A man is persistently calling female real estate agents across Virginia asking them to show properties in remote places, at night or in areas they don’t generally cover, the Virginia Association of Realtors warned real estate agents Monday.

The warning comes shortly after a Realtor association in San Antonio, Texas, issued a similar alert, notifying members that more than 50 Realtors had received suspicious calls from a man.

It could also provide ammunition for VAR in its effort to convince lawmakers to make enticing a real estate agent into a home with intent to harm the agent a separate felony.

“This is one of the situations that Realtors face that sets off our alarm bell,” said Deborah Baisden, president of the Virginia Association of Realtors, in a statement.

“Realtors generally have their radar working and can identify a potentially threatening situation,” she added. “However, we are very concerned about our members’ safety and want to alert them to any suspicious behavior.”

The man in question has called several Realtors in southern and central Virginia multiple times within a few hours, according to VAR, which claims to represent more than 30,000 real estate professionals.

Jody LoMenzo, director of media relations at VAR, told Inman that four or five agents have reported such calls so far.

She added that the man has made it clear to the women he’s called that he has looked at pictures of them online.

“He’s seen their pictures on Zillow or whatever,” she said.

The man contacting agents in the San Antonio area of Texas also is believed to have obtained information about the agents he calls online — in that case, from real estate brokerage websites.

In requesting agents to show him homes, the man calling agents in Virginia refuses to meet agents during the day, in a public location or in their office, agents have told VAR.

Unlike the suspicious calls that female agents in the San Antonio area have been receiving, those made to agents in Virginia show “no identifiable caller ID,” VAR said.

The caller has been very persistent, the Realtor association said.

One agent reported that the man asked her to “show me anything you can this evening,” while another was asked to show a land listing after dark.

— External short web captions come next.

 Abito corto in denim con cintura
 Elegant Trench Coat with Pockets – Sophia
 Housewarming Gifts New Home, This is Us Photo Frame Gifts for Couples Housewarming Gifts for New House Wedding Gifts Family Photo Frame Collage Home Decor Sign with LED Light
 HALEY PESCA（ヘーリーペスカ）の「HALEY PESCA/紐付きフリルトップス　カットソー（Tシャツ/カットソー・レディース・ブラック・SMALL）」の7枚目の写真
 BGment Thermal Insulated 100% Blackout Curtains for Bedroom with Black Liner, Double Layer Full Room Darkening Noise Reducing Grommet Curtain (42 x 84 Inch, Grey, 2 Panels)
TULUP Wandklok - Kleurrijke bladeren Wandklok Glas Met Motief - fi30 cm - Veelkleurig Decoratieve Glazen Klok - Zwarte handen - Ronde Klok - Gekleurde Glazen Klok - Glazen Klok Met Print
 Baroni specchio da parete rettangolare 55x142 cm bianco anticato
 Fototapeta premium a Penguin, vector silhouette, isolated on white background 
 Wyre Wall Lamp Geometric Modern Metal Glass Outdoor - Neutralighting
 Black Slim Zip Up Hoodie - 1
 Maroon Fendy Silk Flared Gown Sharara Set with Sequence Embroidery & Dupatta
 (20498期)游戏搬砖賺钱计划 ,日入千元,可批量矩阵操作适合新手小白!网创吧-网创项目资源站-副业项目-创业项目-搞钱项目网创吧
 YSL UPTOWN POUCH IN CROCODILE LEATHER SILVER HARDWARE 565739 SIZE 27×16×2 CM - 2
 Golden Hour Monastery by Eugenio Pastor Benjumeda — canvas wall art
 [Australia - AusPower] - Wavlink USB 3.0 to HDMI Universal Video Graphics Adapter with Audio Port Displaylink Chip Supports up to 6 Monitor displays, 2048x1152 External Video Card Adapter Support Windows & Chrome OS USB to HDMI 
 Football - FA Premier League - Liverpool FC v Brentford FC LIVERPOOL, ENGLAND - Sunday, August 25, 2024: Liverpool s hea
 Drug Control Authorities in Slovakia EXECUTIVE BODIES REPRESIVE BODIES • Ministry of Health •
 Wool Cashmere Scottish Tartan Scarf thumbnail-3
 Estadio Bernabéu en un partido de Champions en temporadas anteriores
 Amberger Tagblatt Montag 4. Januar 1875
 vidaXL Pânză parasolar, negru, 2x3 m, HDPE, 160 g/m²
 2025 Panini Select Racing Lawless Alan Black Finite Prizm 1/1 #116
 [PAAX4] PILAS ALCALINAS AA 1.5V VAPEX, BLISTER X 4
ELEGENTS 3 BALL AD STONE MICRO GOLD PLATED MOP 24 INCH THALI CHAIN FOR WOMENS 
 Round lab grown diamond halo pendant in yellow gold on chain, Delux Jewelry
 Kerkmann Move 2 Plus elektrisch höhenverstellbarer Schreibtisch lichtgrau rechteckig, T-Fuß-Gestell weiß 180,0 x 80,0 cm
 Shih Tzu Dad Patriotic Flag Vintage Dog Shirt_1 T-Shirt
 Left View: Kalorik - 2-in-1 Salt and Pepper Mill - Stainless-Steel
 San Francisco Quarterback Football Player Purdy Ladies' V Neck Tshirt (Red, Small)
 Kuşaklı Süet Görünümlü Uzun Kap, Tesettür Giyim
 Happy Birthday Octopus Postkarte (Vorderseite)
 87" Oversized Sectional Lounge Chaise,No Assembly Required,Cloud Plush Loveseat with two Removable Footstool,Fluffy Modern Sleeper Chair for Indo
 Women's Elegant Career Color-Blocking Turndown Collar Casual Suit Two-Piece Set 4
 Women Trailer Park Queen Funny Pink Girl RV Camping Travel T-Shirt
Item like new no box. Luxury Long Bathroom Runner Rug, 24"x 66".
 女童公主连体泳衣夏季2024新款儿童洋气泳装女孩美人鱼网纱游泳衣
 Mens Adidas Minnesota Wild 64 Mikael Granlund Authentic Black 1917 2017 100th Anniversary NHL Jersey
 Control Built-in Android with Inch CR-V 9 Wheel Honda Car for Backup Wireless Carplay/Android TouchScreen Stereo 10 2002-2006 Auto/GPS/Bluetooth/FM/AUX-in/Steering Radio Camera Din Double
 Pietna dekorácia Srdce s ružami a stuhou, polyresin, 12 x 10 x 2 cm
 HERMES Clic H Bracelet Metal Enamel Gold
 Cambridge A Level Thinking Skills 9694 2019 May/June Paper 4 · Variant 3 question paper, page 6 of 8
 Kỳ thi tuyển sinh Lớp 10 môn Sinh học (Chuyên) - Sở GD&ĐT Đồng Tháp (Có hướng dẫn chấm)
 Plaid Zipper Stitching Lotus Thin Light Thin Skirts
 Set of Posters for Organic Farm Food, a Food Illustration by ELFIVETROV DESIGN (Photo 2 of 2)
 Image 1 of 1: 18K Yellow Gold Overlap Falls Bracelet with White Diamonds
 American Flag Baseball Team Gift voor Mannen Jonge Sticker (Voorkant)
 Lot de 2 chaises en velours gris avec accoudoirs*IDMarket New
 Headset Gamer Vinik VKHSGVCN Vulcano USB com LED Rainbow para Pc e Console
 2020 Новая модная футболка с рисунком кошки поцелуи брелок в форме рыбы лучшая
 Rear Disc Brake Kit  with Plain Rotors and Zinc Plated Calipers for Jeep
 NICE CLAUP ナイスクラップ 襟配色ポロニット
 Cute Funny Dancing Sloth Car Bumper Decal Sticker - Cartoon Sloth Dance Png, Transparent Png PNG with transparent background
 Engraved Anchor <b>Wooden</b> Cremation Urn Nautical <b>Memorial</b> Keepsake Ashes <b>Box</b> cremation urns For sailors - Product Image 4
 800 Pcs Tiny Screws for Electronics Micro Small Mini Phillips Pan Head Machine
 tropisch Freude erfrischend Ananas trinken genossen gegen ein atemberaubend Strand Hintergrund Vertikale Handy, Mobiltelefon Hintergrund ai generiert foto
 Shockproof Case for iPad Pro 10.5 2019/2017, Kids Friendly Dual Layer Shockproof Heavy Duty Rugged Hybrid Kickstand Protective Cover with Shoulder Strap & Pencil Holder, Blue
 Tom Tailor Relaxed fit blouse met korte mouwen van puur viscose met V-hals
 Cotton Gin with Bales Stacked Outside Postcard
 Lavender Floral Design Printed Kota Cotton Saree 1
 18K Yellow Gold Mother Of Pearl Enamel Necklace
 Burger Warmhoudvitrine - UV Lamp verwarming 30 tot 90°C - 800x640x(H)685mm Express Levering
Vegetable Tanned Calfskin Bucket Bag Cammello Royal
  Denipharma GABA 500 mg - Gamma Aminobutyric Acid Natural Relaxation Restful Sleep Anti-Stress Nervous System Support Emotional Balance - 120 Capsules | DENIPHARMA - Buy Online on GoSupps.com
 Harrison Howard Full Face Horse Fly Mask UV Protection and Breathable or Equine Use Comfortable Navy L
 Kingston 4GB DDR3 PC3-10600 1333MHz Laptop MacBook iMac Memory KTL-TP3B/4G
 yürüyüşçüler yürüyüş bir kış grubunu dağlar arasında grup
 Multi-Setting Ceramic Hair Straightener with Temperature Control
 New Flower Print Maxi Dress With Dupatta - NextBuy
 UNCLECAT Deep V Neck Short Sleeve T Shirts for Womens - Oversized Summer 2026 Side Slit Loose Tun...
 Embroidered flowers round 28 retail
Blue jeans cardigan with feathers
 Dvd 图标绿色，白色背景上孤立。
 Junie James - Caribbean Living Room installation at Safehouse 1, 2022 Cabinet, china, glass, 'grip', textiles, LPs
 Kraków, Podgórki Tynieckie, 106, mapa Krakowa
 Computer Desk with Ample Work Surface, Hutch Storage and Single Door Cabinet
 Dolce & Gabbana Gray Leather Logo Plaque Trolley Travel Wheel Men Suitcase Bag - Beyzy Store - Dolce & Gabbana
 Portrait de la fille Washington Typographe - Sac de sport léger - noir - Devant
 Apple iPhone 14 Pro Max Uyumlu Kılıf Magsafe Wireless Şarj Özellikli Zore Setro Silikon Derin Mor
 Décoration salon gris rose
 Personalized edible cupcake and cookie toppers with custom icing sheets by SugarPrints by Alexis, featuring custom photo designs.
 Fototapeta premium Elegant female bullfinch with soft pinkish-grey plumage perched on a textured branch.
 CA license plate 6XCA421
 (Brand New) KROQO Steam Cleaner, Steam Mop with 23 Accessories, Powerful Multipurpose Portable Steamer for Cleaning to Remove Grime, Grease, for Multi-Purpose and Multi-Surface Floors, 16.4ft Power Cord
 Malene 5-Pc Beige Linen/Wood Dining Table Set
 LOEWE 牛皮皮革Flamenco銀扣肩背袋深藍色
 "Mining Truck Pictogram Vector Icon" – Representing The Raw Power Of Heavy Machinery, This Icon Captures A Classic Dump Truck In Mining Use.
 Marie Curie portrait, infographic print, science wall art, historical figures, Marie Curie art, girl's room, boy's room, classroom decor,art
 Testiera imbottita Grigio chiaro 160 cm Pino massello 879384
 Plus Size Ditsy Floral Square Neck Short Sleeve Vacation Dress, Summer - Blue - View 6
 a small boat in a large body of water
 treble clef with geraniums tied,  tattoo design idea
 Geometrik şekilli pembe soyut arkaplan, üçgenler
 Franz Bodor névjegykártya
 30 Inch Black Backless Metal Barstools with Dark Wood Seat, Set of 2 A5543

Both agents “used caution and common sense” and refused to meet with the man, according to VAR.

Local law enforcement authorities have been contacted and VAR is keeping its members informed, VAR said.

Realtors receive training to take precautions when scheduling appointments and showing homes, according to VAR.

In the wake of the kidnapping and killing of Beverly Carter, some industry leaders have called for brokers, MLSs and associations to institute stricter safety protocols for engaging prospective clients.

To help protect agents, VAR proposed legislation in January that would enact stiffer penalties for people with intent to harm agents by luring them into homes.

In its current form, the proposal would make it a distinct and separate felony to entice a real estate licensee into a home with the intent to commit offenses including murder, malicious wounding, robbery and rape.

VAR cites on its website “several high-profile cases” where Realtors “have been lured into vacant houses and assaulted, abducted … or worse” in a summary of the legislation.

Some technology companies are responding to concerns over agent safety by rolling out mobile apps designed to leverage existing networks — their brokerage, multiple listing service or association — to keep them safe in the field.